RECORDS SUPPLIED Block Start
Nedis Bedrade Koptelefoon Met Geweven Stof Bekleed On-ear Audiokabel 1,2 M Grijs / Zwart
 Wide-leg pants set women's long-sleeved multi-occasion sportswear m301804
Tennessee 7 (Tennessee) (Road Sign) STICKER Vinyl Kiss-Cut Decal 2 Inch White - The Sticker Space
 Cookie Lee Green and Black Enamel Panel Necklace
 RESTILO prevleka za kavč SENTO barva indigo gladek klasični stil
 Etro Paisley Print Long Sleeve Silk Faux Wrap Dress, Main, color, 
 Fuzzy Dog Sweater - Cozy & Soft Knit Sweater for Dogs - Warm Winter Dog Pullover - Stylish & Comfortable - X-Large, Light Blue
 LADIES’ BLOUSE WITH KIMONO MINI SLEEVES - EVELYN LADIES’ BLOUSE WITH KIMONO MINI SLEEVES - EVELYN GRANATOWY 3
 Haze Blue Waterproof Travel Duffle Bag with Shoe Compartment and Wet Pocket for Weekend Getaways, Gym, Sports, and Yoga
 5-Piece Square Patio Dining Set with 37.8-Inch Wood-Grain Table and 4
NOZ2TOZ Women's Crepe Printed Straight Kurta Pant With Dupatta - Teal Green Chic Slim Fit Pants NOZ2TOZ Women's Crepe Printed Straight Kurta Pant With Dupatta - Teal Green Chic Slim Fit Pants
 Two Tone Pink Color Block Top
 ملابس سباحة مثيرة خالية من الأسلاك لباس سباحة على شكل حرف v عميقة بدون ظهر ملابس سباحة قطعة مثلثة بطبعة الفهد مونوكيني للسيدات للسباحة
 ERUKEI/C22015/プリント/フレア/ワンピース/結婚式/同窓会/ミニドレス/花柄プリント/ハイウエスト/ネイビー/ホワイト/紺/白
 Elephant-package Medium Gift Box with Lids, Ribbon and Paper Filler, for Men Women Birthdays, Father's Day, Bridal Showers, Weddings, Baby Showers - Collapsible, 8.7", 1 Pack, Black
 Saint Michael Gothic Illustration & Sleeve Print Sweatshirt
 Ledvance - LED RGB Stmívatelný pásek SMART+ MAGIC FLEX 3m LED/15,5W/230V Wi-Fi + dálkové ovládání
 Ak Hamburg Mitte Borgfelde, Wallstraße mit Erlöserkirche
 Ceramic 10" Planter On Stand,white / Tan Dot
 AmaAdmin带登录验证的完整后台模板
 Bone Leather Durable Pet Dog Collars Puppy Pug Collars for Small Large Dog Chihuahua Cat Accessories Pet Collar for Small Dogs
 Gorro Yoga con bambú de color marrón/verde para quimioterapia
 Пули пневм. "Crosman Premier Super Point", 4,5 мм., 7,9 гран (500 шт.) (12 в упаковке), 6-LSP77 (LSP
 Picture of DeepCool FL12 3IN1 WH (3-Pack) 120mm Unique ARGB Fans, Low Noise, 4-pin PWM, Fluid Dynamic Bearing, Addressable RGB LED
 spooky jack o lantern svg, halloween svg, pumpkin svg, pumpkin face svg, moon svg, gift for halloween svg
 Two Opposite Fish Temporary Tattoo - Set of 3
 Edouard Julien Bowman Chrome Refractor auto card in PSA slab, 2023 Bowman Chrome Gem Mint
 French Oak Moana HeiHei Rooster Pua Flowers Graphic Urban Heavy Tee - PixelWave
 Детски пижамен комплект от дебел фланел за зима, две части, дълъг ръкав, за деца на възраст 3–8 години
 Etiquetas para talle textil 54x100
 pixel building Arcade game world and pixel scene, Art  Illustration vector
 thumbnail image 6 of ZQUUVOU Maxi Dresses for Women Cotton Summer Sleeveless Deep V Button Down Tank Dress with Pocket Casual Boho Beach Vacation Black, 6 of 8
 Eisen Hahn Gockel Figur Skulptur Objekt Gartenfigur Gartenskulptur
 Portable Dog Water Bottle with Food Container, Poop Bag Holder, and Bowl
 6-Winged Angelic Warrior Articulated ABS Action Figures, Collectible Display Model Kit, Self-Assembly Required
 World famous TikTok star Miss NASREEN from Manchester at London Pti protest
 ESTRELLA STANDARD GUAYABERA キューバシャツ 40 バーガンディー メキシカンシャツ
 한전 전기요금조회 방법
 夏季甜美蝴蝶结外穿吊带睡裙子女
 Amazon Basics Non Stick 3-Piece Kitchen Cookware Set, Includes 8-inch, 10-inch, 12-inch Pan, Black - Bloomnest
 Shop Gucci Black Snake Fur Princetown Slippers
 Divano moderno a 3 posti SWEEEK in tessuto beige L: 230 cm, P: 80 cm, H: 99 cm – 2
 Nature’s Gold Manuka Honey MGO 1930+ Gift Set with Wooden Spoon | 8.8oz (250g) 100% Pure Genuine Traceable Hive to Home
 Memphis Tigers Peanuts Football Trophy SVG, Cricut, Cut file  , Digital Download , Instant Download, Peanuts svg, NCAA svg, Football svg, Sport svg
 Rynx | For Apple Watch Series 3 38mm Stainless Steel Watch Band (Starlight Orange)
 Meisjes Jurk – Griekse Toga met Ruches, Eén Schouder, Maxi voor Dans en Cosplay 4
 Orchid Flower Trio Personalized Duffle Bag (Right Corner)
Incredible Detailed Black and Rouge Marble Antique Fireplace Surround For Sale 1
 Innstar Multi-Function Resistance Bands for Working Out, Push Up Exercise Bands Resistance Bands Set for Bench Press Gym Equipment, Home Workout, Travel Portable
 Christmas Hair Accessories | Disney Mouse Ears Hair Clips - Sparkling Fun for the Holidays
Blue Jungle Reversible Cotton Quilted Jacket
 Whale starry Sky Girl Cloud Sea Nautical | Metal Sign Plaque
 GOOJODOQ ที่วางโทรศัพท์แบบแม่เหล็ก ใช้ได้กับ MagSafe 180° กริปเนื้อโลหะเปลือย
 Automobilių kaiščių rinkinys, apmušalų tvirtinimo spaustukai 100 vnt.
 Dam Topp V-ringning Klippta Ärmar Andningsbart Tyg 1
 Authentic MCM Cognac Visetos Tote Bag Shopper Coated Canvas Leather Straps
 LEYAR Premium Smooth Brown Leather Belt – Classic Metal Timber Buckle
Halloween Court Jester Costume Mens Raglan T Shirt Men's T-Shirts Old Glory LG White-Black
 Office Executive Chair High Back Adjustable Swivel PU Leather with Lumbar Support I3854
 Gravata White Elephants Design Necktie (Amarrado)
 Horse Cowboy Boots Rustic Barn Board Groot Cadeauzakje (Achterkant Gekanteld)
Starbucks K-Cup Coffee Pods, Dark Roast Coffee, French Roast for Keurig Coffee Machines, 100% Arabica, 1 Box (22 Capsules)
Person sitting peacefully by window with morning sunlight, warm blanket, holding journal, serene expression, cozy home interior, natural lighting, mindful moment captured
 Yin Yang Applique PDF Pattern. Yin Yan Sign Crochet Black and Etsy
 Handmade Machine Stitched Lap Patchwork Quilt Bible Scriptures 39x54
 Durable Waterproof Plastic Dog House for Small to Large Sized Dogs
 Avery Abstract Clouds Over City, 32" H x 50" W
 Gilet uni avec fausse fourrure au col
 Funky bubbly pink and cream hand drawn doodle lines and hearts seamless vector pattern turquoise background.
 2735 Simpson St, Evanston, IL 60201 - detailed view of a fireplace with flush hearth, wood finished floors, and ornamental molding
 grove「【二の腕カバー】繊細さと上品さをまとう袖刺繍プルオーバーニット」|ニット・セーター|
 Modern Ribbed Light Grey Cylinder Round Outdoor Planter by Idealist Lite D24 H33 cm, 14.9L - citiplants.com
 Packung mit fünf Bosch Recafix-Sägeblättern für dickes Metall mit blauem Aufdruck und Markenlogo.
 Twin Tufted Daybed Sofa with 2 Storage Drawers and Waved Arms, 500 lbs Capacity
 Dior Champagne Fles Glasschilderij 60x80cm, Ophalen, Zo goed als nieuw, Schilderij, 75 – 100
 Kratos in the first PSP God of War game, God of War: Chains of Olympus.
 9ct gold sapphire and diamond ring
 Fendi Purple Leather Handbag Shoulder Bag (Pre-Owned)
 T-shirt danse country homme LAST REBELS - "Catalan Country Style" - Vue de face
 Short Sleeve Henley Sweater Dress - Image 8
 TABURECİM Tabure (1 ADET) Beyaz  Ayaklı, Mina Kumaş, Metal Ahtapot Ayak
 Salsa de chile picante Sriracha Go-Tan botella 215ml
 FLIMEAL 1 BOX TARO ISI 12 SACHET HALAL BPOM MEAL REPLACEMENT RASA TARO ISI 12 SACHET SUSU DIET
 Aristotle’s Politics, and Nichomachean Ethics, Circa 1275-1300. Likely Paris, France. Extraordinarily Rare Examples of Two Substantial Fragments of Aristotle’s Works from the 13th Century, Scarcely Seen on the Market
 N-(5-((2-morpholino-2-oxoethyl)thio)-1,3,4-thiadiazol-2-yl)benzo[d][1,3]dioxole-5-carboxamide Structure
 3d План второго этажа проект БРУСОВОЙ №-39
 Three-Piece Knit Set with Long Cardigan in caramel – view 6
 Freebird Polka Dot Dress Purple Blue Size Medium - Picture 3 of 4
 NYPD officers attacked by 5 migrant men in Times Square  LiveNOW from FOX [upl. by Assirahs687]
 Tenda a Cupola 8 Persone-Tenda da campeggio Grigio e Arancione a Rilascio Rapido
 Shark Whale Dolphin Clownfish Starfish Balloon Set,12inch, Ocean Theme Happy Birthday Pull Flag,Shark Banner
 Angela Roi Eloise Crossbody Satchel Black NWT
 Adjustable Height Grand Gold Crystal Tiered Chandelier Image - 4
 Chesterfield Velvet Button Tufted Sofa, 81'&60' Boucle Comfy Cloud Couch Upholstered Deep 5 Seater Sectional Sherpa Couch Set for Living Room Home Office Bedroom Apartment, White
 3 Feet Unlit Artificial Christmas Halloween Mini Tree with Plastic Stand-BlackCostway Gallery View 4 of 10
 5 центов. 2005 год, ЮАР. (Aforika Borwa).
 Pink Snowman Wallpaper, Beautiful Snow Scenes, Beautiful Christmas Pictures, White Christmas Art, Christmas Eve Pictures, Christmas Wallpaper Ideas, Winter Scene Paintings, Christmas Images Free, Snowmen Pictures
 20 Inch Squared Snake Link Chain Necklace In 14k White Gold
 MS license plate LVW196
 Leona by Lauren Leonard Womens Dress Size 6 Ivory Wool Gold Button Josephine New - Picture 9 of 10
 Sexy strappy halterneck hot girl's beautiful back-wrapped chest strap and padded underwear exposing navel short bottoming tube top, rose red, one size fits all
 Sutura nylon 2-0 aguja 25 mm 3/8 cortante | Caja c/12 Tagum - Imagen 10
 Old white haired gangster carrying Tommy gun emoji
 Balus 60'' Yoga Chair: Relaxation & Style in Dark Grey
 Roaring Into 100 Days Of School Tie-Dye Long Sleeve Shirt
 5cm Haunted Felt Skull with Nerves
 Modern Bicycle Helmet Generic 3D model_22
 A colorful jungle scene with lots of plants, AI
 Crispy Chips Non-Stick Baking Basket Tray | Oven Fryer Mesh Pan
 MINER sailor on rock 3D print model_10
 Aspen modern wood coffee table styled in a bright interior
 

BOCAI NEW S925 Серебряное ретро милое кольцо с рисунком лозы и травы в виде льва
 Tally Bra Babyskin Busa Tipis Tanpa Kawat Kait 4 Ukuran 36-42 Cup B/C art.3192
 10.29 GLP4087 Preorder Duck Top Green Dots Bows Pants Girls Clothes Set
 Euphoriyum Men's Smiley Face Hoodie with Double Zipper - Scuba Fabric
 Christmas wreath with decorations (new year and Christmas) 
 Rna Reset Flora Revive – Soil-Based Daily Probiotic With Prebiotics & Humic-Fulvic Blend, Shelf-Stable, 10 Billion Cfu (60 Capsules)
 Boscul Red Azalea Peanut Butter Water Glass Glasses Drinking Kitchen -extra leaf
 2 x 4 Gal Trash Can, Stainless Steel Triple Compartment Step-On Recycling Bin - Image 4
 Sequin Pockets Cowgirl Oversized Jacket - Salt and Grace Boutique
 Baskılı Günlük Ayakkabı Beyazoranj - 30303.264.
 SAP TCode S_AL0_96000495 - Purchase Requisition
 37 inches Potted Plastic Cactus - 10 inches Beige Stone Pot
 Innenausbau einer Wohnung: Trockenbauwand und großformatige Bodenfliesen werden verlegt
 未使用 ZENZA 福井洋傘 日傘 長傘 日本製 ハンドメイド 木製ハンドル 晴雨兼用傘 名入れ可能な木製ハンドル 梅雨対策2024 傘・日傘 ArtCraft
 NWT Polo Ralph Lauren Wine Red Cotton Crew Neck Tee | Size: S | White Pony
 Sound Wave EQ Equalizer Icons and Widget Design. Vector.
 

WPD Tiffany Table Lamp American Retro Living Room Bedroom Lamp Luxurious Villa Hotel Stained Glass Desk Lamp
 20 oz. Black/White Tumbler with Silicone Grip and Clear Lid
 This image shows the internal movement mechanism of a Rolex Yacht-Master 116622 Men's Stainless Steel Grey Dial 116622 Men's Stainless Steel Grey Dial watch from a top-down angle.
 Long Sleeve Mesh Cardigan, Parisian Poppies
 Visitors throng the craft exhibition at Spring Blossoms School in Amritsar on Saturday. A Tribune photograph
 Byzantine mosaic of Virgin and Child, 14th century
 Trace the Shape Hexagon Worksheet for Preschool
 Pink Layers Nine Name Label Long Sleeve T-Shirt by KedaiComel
RECORDS SUPPLIED Block End
Would you print exactly and only the lines of the material above that run from the line with "GOOJODOQ ที่วางโทรศัพท์แบบแม่เหล็ก ใช้ได้กับ" through the line with "Salsa de chile", both included?

 GOOJODOQ ที่วางโทรศัพท์แบบแม่เหล็ก ใช้ได้กับ MagSafe 180° กริปเนื้อโลหะเปลือย
 Automobilių kaiščių rinkinys, apmušalų tvirtinimo spaustukai 100 vnt.
 Dam Topp V-ringning Klippta Ärmar Andningsbart Tyg 1
 Authentic MCM Cognac Visetos Tote Bag Shopper Coated Canvas Leather Straps
 LEYAR Premium Smooth Brown Leather Belt – Classic Metal Timber Buckle
Halloween Court Jester Costume Mens Raglan T Shirt Men's T-Shirts Old Glory LG White-Black
 Office Executive Chair High Back Adjustable Swivel PU Leather with Lumbar Support I3854
 Gravata White Elephants Design Necktie (Amarrado)
 Horse Cowboy Boots Rustic Barn Board Groot Cadeauzakje (Achterkant Gekanteld)
Starbucks K-Cup Coffee Pods, Dark Roast Coffee, French Roast for Keurig Coffee Machines, 100% Arabica, 1 Box (22 Capsules)
Person sitting peacefully by window with morning sunlight, warm blanket, holding journal, serene expression, cozy home interior, natural lighting, mindful moment captured
 Yin Yang Applique PDF Pattern. Yin Yan Sign Crochet Black and Etsy
 Handmade Machine Stitched Lap Patchwork Quilt Bible Scriptures 39x54
 Durable Waterproof Plastic Dog House for Small to Large Sized Dogs
 Avery Abstract Clouds Over City, 32" H x 50" W
 Gilet uni avec fausse fourrure au col
 Funky bubbly pink and cream hand drawn doodle lines and hearts seamless vector pattern turquoise background.
 2735 Simpson St, Evanston, IL 60201 - detailed view of a fireplace with flush hearth, wood finished floors, and ornamental molding
 grove「【二の腕カバー】繊細さと上品さをまとう袖刺繍プルオーバーニット」|ニット・セーター|
 Modern Ribbed Light Grey Cylinder Round Outdoor Planter by Idealist Lite D24 H33 cm, 14.9L - citiplants.com
 Packung mit fünf Bosch Recafix-Sägeblättern für dickes Metall mit blauem Aufdruck und Markenlogo.
 Twin Tufted Daybed Sofa with 2 Storage Drawers and Waved Arms, 500 lbs Capacity
 Dior Champagne Fles Glasschilderij 60x80cm, Ophalen, Zo goed als nieuw, Schilderij, 75 – 100
 Kratos in the first PSP God of War game, God of War: Chains of Olympus.
 9ct gold sapphire and diamond ring
 Fendi Purple Leather Handbag Shoulder Bag (Pre-Owned)
 T-shirt danse country homme LAST REBELS - "Catalan Country Style" - Vue de face
 Short Sleeve Henley Sweater Dress - Image 8
 TABURECİM Tabure (1 ADET) Beyaz  Ayaklı, Mina Kumaş, Metal Ahtapot Ayak
 Salsa de chile picante Sriracha Go-Tan botella 215ml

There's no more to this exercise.